SET FACTOR PLOT Y AXIS <LEFT/RIGHT/ALTERNATE>

LEFT specifies that the y axis labels are printed on the left axis (on the first column only). RIGHT specifies that the y axis labels are printed on the right axis (last column only). ALTERNATE specifies that the y axis labels alternate between the left (first column) and right axis (last column). We recommend using the TIC OFFSET command to avoid overlap of axis labels and tic marks.

The default is ALTERNATE.

Note:
Users have different preferences in terms of whether the plot frames for neighboring plots are connected or not. This is controlled with the following option.

SET FACTOR PLOT FRAME <DEFAULT/CONNECTED/USER>

DEFAULT connects neighboring frames (i.e., the FRAME CORNER COORDINATES are set to 0 0 100 100).
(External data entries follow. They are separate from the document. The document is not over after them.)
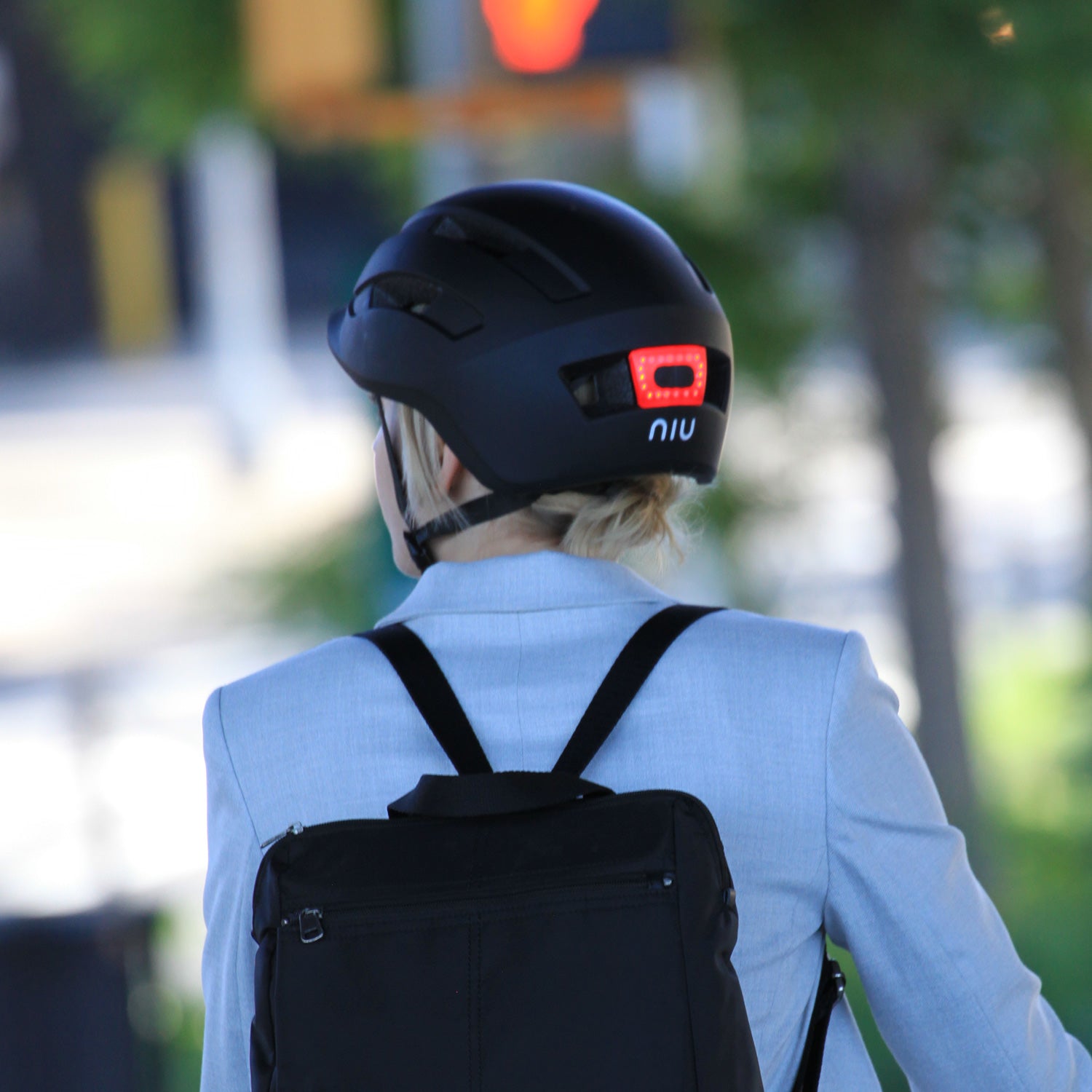 bike scooter helmets NIU KQi3 Electric Scooter Helmet with LED Light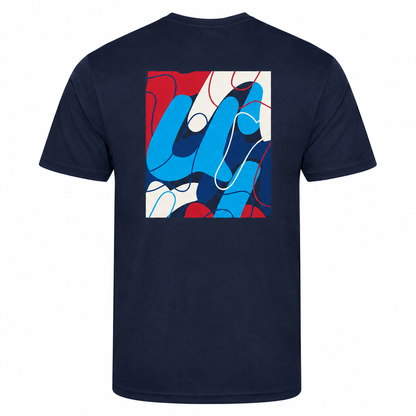 AJ Bell "Swirl" Men's Short Sleeved Tech Tee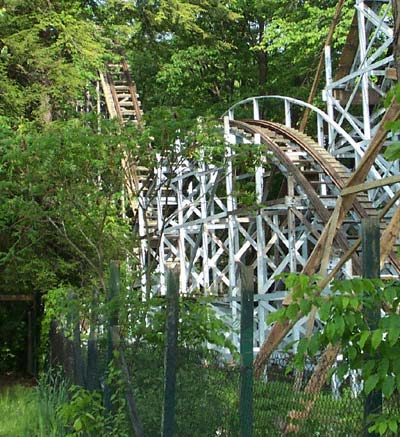 The Blue Streak Rollercoaster At Conneaut Lake Park, Conneaut Lake Pennsylvania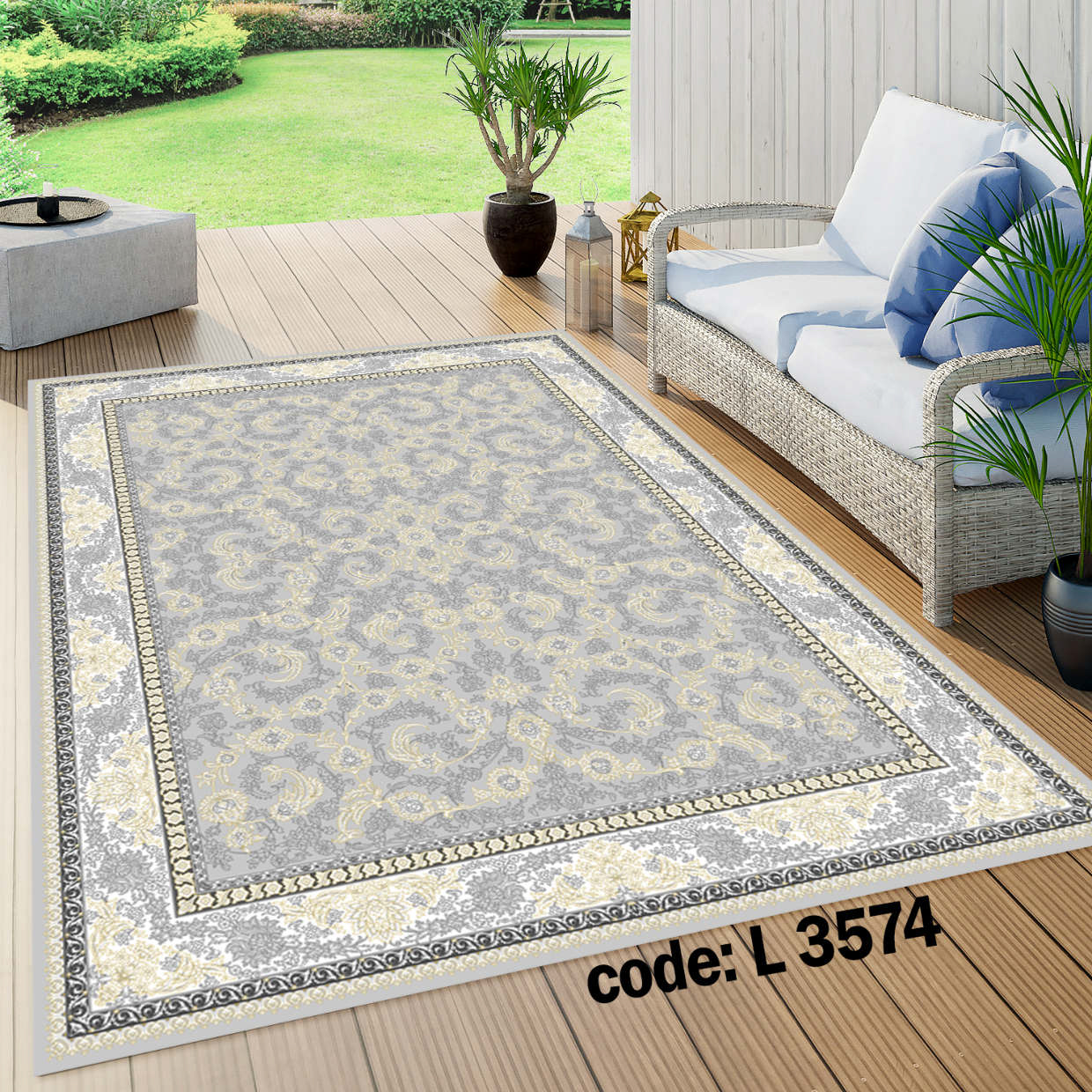 روفرشی کشدار (کاور فرش) و فرشینه و پادری کالای خواب متین کد L 3574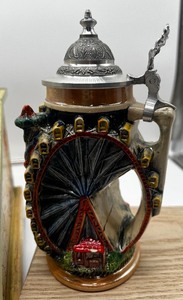 Corzelius Germany Beer Stein and Wood Box
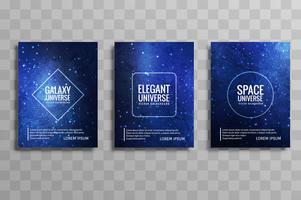 modern galaxy universe vector brochure cards set vector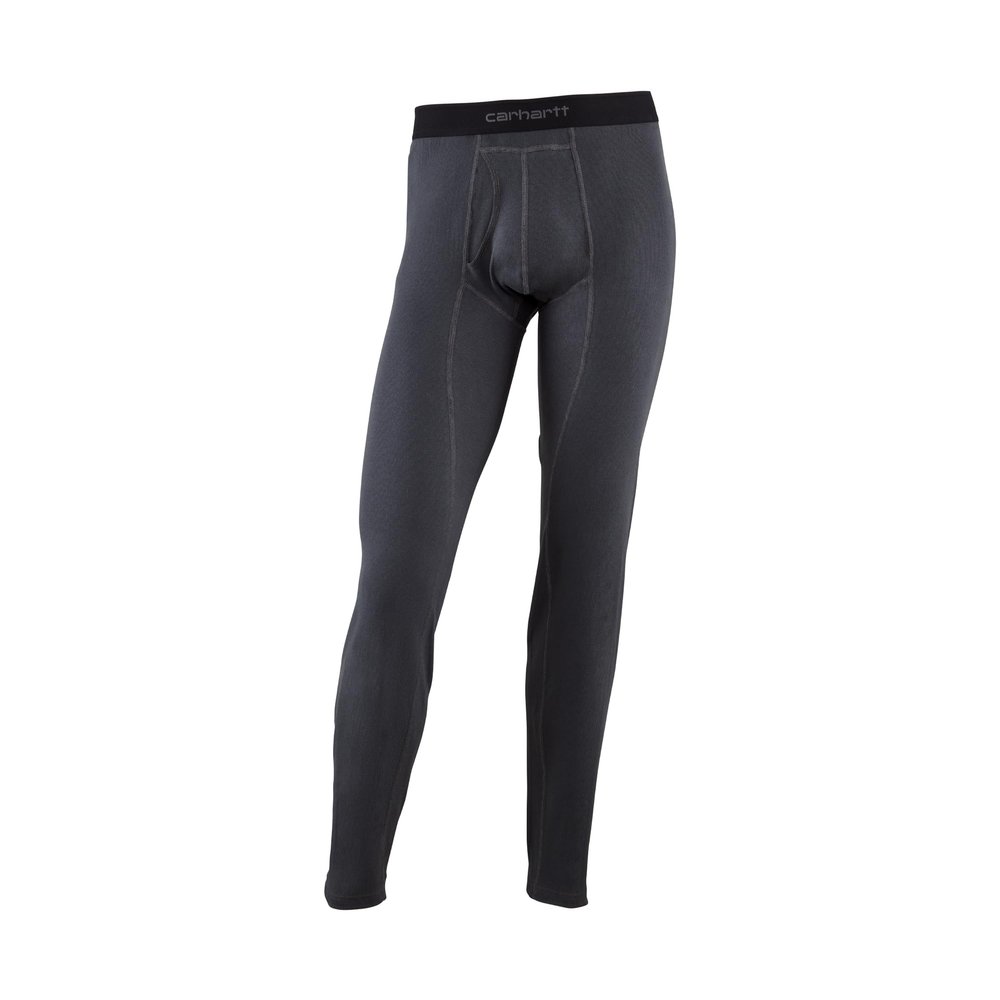 Carhartt Men's Midweight Cotton Rib Base Layer Pant, Black, Large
USER uses whatever frame coordinates are currently set (15 20 85 90 by default) and makes no special provisions for axis labels and tic marks (i.e., you set them as you normally would, each plot uses whatever you have set). CONNECTED uses whatever frame coordinates have been set by the user, but it draws the axis labels and tic marks as if DEFAULT were being used (that is, as determined by the SET FACTOR PLOT commands described above). Typically, CONNECTED is used to put a small bit of space between plots. For example, you might use FRAME CORNER COORDINATES 3 3 97 97 before the FACTOR PLOT command.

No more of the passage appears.